Das Spiel zwischen Röchling Völklingen und Borussia Neunkirchen versprach einen Gastgeber der aufgrund seiner Verletzungsserie aufopferungsvoll kämpfen würde und einen hochmotivierten Gast der mit dem Selbstbewußtsein aus zuletzt drei Siegen entsprechend auftreten konnte. Gespannt durfte man also warten wie beide Trainer ihre Teams einstellen würden. Auf Seiten der Röchling Elf musste man am Ende fast komplett improvisieren, 7 Spieler fehlten darunter Leistungsträger wie Meli, Florsch, Ogrodniczek, Benghebrid oder Matthias Müller. Die Ersatzbank bestand am Ende nur noch aus Leuten die eigentlich in der A-Klasse kicken. Nicht ganz so drastisch aber auch nicht viel besser sollte sich die Situation für Dieter Ferner darstellen. Neben den Langzeitverletzten Cullmann und Bidon musste auch Rechtsverteidiger Forkel und erneut Nabil Dafi passen. Forkels Position musste Arif Karaoglan übernehmen, Dafi wurde durch den zurückgezogenen Stelletta ersetzt und vorne versuchte Ferner mal ein wenig mehr Offensive. So durfte auf der eigentlichen Zehn Matthias Krauß ran dessen Position ganz vorne übernahm Neuzugang Abdullei.

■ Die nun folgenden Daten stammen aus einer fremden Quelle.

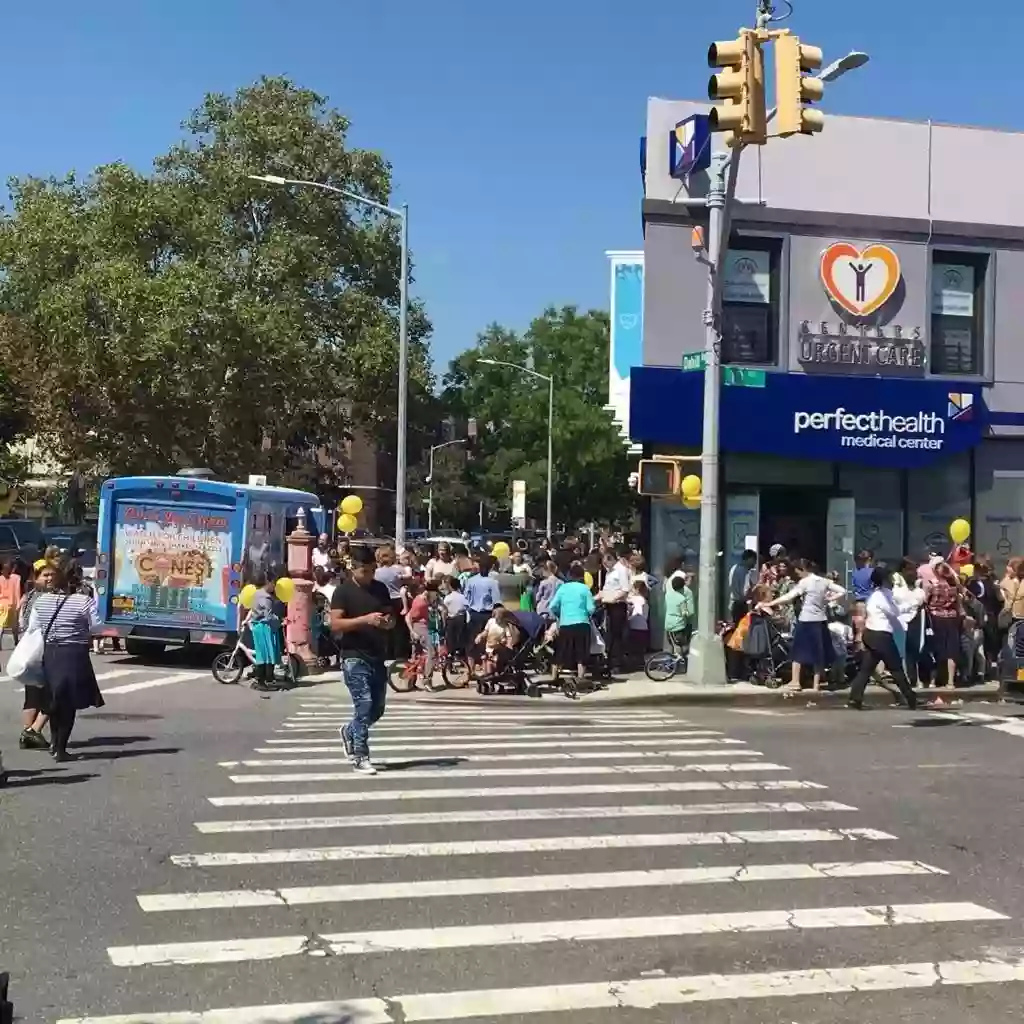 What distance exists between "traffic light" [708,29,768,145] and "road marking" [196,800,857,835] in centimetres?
675

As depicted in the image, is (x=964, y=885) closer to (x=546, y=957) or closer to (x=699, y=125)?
(x=546, y=957)

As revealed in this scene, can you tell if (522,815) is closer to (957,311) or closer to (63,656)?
(63,656)

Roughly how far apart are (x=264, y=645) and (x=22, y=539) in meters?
15.1

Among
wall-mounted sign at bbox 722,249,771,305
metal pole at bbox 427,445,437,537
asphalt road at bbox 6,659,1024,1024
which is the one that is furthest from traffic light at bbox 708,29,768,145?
metal pole at bbox 427,445,437,537

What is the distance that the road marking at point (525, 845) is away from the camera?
24.2ft

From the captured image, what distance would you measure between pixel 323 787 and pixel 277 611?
321 inches

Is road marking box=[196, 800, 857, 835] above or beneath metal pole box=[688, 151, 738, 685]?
beneath

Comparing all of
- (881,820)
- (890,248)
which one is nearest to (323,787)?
(881,820)

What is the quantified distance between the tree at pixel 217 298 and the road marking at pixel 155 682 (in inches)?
799

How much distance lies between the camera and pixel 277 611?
1748 centimetres

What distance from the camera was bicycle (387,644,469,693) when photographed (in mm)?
16828

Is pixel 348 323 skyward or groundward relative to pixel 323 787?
skyward

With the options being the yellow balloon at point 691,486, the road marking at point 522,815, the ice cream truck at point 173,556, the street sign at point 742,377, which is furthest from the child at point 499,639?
the road marking at point 522,815

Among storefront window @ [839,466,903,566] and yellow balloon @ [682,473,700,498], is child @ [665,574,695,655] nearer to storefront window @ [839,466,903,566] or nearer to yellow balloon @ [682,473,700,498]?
yellow balloon @ [682,473,700,498] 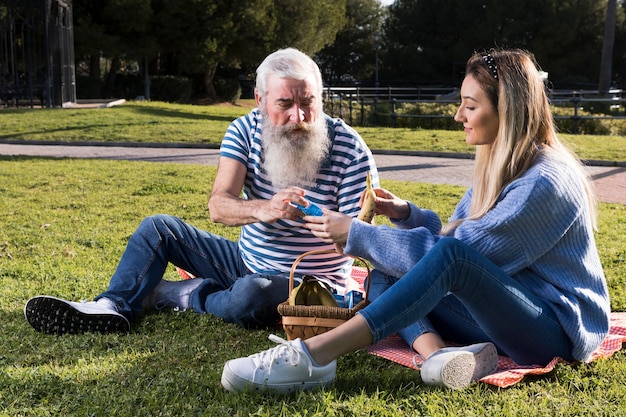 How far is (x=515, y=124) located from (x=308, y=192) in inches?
48.7

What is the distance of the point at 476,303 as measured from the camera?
3.41m

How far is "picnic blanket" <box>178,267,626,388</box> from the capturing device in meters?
3.46

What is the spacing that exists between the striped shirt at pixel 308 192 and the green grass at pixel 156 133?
11536 mm

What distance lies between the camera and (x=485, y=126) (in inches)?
144

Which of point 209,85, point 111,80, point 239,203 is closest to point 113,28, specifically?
point 111,80

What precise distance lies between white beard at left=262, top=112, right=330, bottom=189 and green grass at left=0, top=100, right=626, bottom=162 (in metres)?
11.7

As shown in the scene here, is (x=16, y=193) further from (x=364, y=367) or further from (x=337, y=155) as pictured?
(x=364, y=367)

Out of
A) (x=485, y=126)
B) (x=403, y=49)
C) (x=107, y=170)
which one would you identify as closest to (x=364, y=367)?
(x=485, y=126)

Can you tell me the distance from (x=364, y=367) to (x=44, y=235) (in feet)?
13.8

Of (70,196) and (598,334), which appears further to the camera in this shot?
(70,196)

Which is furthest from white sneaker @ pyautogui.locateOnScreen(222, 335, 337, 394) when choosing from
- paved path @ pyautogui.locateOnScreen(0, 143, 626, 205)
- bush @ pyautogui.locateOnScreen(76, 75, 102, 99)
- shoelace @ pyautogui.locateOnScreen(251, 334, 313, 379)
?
bush @ pyautogui.locateOnScreen(76, 75, 102, 99)

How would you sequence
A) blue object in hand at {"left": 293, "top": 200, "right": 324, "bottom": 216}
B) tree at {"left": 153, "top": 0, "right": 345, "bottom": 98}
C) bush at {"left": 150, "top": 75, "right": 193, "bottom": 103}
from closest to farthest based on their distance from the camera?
blue object in hand at {"left": 293, "top": 200, "right": 324, "bottom": 216}, tree at {"left": 153, "top": 0, "right": 345, "bottom": 98}, bush at {"left": 150, "top": 75, "right": 193, "bottom": 103}

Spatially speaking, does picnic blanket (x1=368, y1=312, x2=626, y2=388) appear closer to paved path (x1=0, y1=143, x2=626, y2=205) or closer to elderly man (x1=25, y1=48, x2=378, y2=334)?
elderly man (x1=25, y1=48, x2=378, y2=334)

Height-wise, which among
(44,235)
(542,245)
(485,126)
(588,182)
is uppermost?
(485,126) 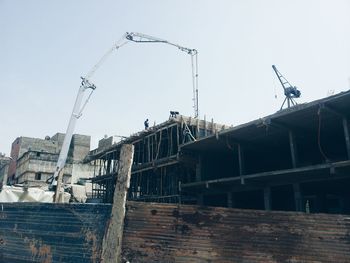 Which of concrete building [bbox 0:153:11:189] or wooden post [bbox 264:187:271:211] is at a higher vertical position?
concrete building [bbox 0:153:11:189]

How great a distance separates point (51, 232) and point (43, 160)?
140 ft

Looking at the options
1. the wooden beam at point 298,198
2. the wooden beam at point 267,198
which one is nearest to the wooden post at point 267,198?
the wooden beam at point 267,198

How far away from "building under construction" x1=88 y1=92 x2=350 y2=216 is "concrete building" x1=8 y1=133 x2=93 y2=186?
26.6 meters

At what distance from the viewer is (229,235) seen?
7.19 m

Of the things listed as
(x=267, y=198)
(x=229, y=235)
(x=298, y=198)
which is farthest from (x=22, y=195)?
(x=229, y=235)

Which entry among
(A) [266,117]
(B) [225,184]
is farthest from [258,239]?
(B) [225,184]

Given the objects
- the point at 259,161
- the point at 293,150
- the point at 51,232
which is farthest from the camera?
the point at 259,161

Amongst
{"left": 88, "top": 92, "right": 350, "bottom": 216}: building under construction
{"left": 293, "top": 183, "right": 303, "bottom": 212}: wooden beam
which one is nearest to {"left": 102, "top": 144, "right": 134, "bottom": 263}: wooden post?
{"left": 88, "top": 92, "right": 350, "bottom": 216}: building under construction

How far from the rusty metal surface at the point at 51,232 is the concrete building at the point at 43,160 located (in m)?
37.3

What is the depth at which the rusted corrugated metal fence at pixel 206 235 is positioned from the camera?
6840 millimetres

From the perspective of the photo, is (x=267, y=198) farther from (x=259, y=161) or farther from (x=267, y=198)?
(x=259, y=161)

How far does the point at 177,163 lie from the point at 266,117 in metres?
7.72

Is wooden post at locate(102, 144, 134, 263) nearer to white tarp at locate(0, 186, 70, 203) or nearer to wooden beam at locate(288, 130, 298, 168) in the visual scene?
wooden beam at locate(288, 130, 298, 168)

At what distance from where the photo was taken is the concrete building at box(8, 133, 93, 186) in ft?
153
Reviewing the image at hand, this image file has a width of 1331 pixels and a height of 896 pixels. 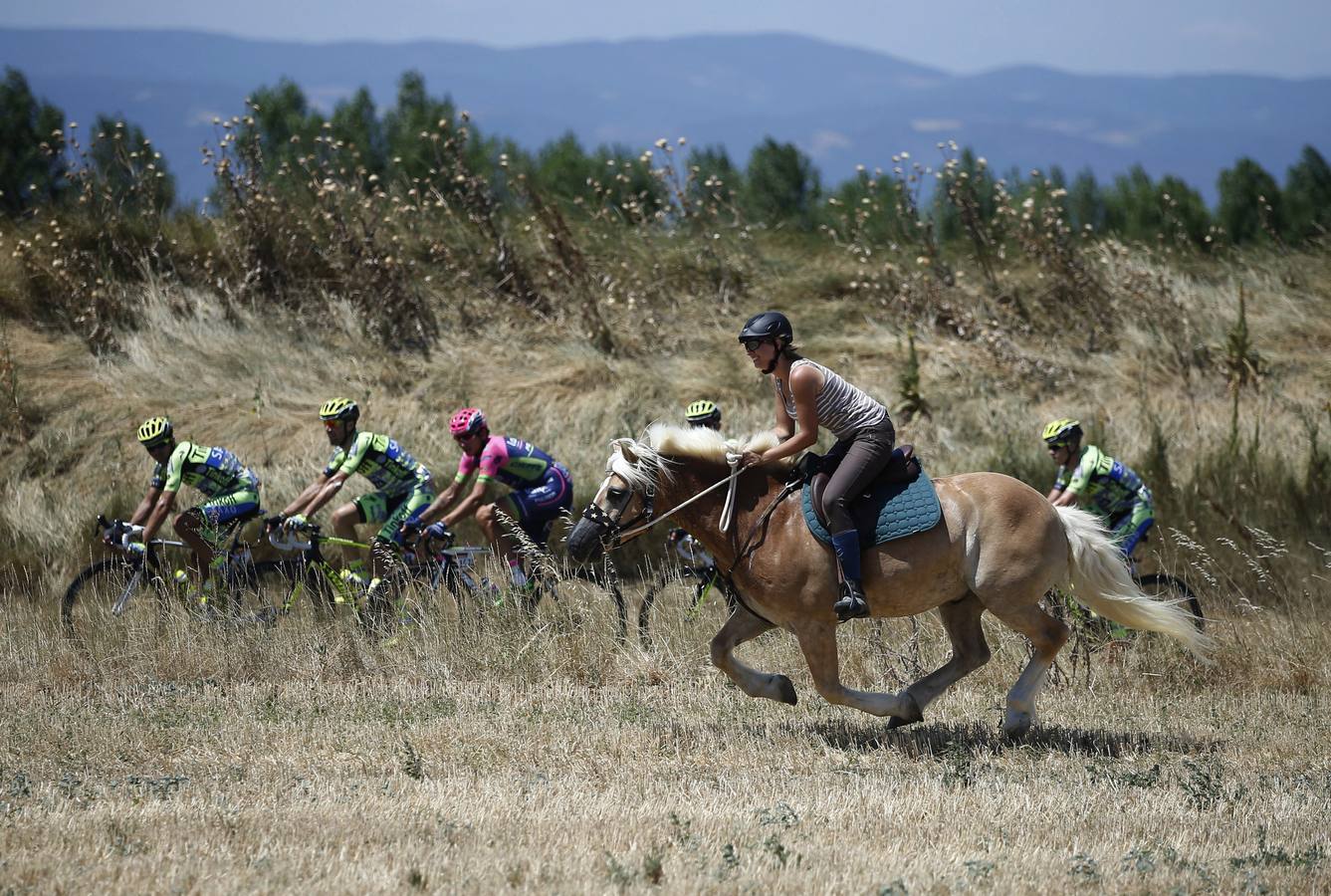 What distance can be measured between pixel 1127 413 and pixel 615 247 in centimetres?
784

Das Spiel war von Beginn an sehr zerfahren. Völklingen setzte auf Defensive und Zweikämpfe, alles dem Ziel untergeordnet den Spielaufbau der Gäste zu unterbinden. Nach 5 Minuten hatten sie ihr Ziel auch mehr oder weniger erreicht. Borussia ließ sich von dieser Spielweise beeindrucken und passte sich im Laufe der nächsten Minuten an. Spätestens am 16er war Schluß mit lustig, immer wieder bekamen die Offensiven auf die Socken, vorallem Abdullei musste einiges einstecken. Nicht ganz unschuldig daran war auch das Schiedsrichtergespann was nach meinen Geschmack zuviel durchgehen ließ, statt bei Zeiten mal ne gelbe Karte zu zeigen und dem Treiben so Einhalt zu gebieten. Vorallem Sammer Mozain der in der ersten Hälfte in der Verteidigung spielte war ein absoluter Schwachpunkt bei den Hausherren. Er wirkte völlig überfordert und konnte sich eigentlich nur durch Fouls helfen. Bezeichnend für das gestrige Spiel das Borussia daraus so gut wie kein Kapital schlagen konnte. Zwar gab es immer wieder den Versuch von Flankenläufen aber ohne die allerletzte Konsequenz und wenn dann doch mal der Platz da war, reagierte man viel zu hektisch und übereilt. So war es dann auch der Unbeholfenheit von Mozain zu verdanken das es zum Elfmeter kam. Er verlor das Laufduell gegen Abdul Kizmaz, der drohte allein in den Strafraum einzudringen und der Völklinger sah sich nur noch durch ein glasklares Handspiel zu helfen. Pascal Stelletta verzichtete diesmal auf „Coolness“ und haute den Ball kompromisslos in die Maschen.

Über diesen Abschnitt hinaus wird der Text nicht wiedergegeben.